* **How to complete this task**:
When the data below is printed, every line must match exactly and the images must be absent.

*** Opening of Recorded information ***

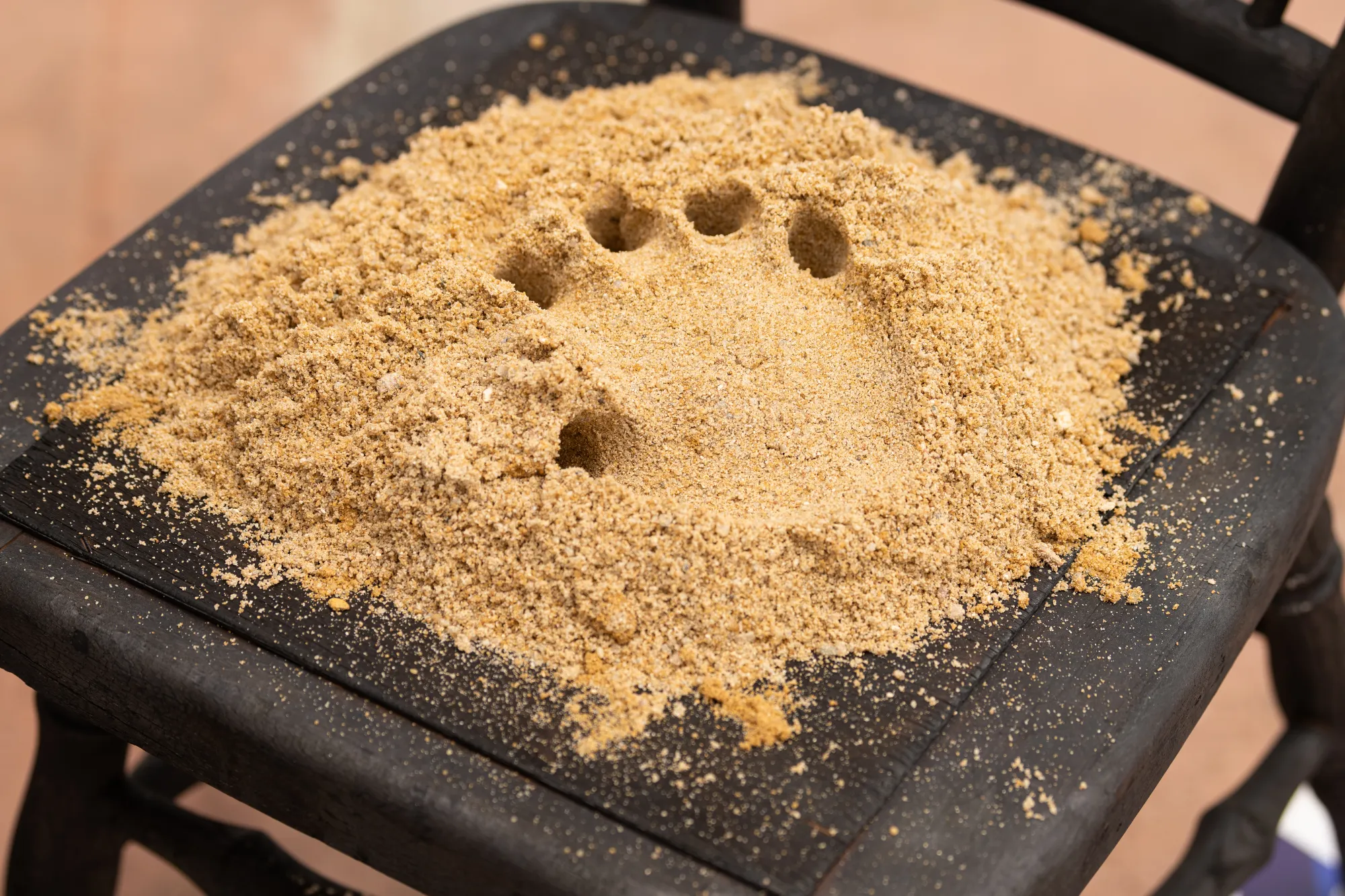 Artist Pages: Detail view of Epiphenomenon by Nadine Karl, showing sand arranged on a wooden chair seat with small circular impressions.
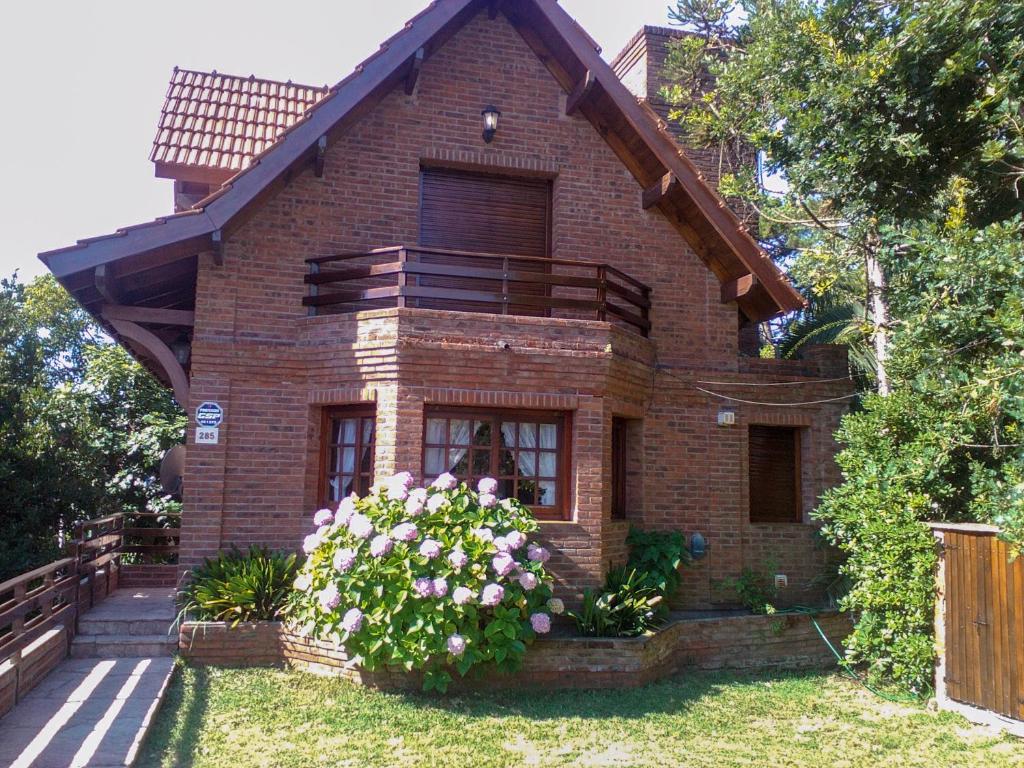 una casa de ladrillo con un arbusto de flores delante de ella en Cabaña Ostende en Ostende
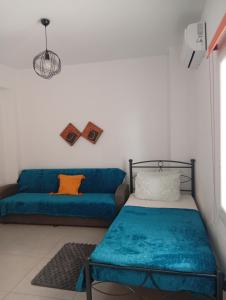 a living room with a couch and a blue bed at Calm Rooms in Agioi Apostoli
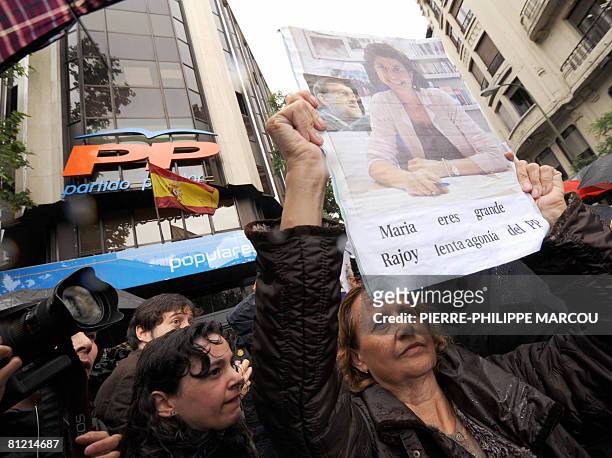 Woman supporting Basque Popular Party leader Maria San Gil holds a placard saying "Maria you are great -- Rajoy Slow Agony of the PP" in front of...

*** Close of Recorded information ***

* **Task output**:
 Artist Pages: Detail view of Epiphenomenon by Nadine Karl, showing sand arranged on a wooden chair seat with small circular impressions.
 una casa de ladrillo con un arbusto de flores delante de ella en Cabaña Ostende en Ostende
 a living room with a couch and a blue bed at Calm Rooms in Agioi Apostoli
 Woman supporting Basque Popular Party leader Maria San Gil holds a placard saying "Maria you are great -- Rajoy Slow Agony of the PP" in front of...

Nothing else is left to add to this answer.